L'azienda è entrata nella digitalizzazione della forza lavoro sul campo circa 15–16 anni fa, per caso. Un cliente aveva bisogno di una soluzione per 500 persone sul campo, e Bento, che non aveva un proprio prodotto, ha implementato una soluzione di un fornitore della Repubblica Ceca. Il mercato allora era completamente diverso da quello di oggi: "All'epoca, 15–16 anni fa, non c'erano davvero dispositivi mobili, cioè non c'erano i telefoni Android che esistono adesso. Le persone non avevano davvero nemmeno telefoni cellulari, soprattutto le persone che lavoravano sul campo."
Il progetto è stato un successo, ma Bento ha sviluppato la propria piattaforma, prima come software personalizzato, poi come prodotto standalone, e 12 anni dopo la prima implementazione, il cliente originario ha scelto di modernizzarsi ed è passato alla soluzione Bento.
Parallelamente all'implementazione per Rețele Electrice, Bento sta lavorando a nuovi moduli della piattaforma FSM dedicati alle aziende di medie dimensioni che non sono digitalizzate.
"Parallelamente, stiamo anche lavorando ad altri miglioramenti e moduli della piattaforma, soprattutto per poter soddisfare i requisiti dei clienti medi, mid-enterprise, per così dire, che altrimenti non sono molto digitalizzati," dice il CEO di Bento.
L'azienda ha anche lanciato Bento LIMS, un prodotto dedicato ai laboratori di analisi delle acque, già implementato presso una società idrica, con altre implementazioni previste per il prossimo periodo.
Bento ha una collaborazione di oltre 10 anni con Orange Business, che si è evoluta nel tempo. Inizialmente, Orange confezionava i prodotti di Bento – soprattutto la piattaforma Field Service Management – con i propri servizi di connettività e dispositivi mobili, offrendoli ai clienti enterprise.
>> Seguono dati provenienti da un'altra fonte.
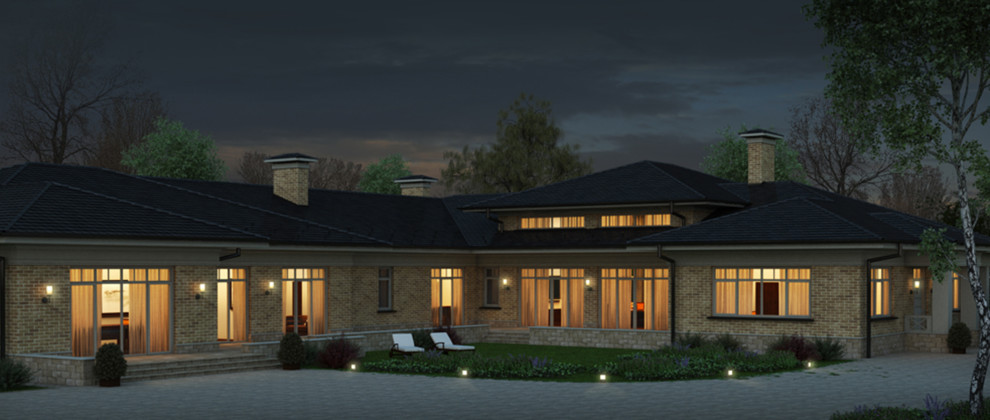 Загородный дом в одном уровне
"In sostanza confezionavano i nostri servizi con i loro servizi – connettività mobile e dispositivi mobili, e noi fornivamo la soluzione software per uno dei loro clienti, che aveva attività sul campo. Da allora abbiamo continuato con successo questa collaborazione," dice Scarlat. Negli ultimi due o tre anni, il rapporto si è evoluto: Orange è diventata anche cliente diretto di Bento, utilizzando il modulo di gestione delle scorte della piattaforma FSM per erogare i propri servizi.
Bento integra algoritmi di intelligenza artificiale nella piattaforma FSM per ottimizzare l'allocazione degli ordini e dei dipendenti sul campo, in base a qualifiche, posizioni e attrezzature. "Ora utilizziamo algoritmi di AI per determinare, per esempio, come si possa allocare in modo ottimale un insieme di ordini in località diverse a un insieme di dipendenti che hanno qualifiche, strumenti e posizioni di partenza diverse," spiega Scarlat.
Oltre all'integrazione nei prodotti, l'azienda usa l'AI come strumento interno, per rendere più efficienti lo sviluppo, il supporto e i servizi.
L'anno 2025 è stato il primo anno nella storia di Bento in cui il fatturato e l'utile sono diminuiti: i ricavi sono scesi a 56.3 milioni di lei (da 84.4 milioni nel 2024), e l'utile a 6.4 milioni di lei (da 16.4 milioni). Scarlat attribuisce il calo ai rinvii dei progetti nella prima metà dell'anno, probabilmente sullo sfondo del contesto politico in Romania.
"Fortunatamente, non cancellazioni di progetti, ma rinvii e ritardi. La seconda metà dell'anno è tornata alla normalità," dice il CEO di Bento.
Il primo trimestre del 2026 è "in linea con le aspettative e con il budget pubblicato," e i risultati saranno comunicati nelle prossime settimane. L'azienda investe circa 2 milioni di euro all'anno in ricerca e sviluppo, attingendo all'utile, al capitale raccolto dagli investitori tramite la BVB e ai fondi europei, e sta preparando un nuovo bando di finanziamento europeo.
Nel medio termine, Bento punta ad aumentare la propria presenza internazionale con i prodotti sviluppati e collaudati in Romania. "La nostra ambizione è che questi prodotti siano riconosciuti a livello internazionale come top-shelf nella nostra nicchia," dice Scarlat.